*DATA SUPPLIED*.
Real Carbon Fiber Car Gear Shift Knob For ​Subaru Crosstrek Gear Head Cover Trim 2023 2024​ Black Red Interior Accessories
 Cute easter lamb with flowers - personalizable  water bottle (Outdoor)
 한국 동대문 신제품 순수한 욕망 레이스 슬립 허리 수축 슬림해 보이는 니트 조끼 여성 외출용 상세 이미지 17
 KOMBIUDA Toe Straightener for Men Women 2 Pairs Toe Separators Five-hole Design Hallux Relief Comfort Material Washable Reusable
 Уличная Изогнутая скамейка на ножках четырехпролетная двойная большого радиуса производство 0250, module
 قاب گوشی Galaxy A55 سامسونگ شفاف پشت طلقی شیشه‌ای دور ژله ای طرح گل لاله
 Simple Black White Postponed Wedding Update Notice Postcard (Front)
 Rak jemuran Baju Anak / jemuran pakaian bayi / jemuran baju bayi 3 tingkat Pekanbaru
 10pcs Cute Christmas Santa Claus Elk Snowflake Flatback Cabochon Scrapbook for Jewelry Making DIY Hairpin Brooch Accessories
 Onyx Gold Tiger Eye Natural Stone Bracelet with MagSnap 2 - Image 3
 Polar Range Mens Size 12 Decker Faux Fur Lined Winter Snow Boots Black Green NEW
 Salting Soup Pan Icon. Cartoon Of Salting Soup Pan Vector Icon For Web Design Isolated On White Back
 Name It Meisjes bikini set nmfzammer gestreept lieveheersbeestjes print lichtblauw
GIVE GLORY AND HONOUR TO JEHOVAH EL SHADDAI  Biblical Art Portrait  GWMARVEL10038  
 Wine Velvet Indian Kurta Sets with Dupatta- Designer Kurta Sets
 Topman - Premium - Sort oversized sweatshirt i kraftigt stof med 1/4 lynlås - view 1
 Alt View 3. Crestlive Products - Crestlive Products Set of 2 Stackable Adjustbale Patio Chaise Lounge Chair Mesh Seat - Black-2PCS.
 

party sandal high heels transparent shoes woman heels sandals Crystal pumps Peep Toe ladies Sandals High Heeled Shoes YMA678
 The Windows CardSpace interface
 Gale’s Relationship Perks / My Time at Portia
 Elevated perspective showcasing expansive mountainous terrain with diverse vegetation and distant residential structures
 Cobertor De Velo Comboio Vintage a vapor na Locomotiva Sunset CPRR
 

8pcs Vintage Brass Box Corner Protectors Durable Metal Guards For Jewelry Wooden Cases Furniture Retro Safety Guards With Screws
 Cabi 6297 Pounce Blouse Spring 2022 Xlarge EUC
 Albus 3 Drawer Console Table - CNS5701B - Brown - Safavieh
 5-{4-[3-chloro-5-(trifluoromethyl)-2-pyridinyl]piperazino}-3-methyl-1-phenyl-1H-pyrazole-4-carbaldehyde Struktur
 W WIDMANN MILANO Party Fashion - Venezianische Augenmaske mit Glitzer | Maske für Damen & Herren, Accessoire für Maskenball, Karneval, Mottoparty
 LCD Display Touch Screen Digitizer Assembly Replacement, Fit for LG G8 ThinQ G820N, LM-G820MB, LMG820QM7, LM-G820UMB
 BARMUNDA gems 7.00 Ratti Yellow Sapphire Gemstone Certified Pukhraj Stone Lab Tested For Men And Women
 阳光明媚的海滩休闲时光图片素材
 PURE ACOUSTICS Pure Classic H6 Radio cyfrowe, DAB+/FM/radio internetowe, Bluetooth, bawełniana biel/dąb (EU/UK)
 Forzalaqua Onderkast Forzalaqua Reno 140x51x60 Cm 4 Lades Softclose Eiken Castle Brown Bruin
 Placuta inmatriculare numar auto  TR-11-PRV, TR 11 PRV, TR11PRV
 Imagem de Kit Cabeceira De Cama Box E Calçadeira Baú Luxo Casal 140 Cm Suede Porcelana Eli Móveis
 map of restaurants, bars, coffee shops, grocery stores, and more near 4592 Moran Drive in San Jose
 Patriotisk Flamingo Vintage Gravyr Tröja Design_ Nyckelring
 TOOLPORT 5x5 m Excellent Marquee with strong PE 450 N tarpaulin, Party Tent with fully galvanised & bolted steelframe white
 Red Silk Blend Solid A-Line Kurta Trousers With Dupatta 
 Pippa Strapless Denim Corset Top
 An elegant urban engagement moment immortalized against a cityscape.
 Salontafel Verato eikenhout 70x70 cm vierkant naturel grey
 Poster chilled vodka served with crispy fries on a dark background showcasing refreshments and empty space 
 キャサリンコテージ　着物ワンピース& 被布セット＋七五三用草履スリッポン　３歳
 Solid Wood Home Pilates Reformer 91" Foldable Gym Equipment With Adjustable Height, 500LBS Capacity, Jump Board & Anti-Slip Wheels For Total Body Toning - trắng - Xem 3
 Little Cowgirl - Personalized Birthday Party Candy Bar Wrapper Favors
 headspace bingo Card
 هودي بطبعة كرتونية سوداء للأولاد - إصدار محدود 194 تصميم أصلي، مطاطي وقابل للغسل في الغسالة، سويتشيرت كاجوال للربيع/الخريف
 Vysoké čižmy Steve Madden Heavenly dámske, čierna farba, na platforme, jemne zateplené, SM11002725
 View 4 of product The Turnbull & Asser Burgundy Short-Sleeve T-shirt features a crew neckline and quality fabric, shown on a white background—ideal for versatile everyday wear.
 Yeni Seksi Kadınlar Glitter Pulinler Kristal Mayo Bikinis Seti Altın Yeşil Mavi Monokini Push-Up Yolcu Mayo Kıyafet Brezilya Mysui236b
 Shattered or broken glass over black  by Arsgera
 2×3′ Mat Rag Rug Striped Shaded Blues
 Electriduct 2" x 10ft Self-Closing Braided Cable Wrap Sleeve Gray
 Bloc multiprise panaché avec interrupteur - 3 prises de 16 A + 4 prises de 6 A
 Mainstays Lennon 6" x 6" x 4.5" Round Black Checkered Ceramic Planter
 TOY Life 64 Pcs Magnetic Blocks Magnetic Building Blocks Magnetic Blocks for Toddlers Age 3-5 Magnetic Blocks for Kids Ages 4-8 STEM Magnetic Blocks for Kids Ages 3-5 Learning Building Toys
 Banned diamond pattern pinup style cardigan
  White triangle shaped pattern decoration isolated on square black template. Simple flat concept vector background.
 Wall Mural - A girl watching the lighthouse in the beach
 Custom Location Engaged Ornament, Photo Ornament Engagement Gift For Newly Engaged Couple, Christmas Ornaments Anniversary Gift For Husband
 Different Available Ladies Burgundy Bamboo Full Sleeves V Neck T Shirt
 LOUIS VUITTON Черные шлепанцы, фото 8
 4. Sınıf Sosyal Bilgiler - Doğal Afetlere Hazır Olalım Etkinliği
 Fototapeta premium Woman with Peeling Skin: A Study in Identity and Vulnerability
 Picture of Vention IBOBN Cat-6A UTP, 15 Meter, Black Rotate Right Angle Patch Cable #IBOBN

*PROBLEM DESCRIPTION*. Write out, word for word, the line containing "Fototapeta premium Woman" and every line after it to the end of the data above.

*TASK SOLUTION*.
 Fototapeta premium Woman with Peeling Skin: A Study in Identity and Vulnerability
 Picture of Vention IBOBN Cat-6A UTP, 15 Meter, Black Rotate Right Angle Patch Cable #IBOBN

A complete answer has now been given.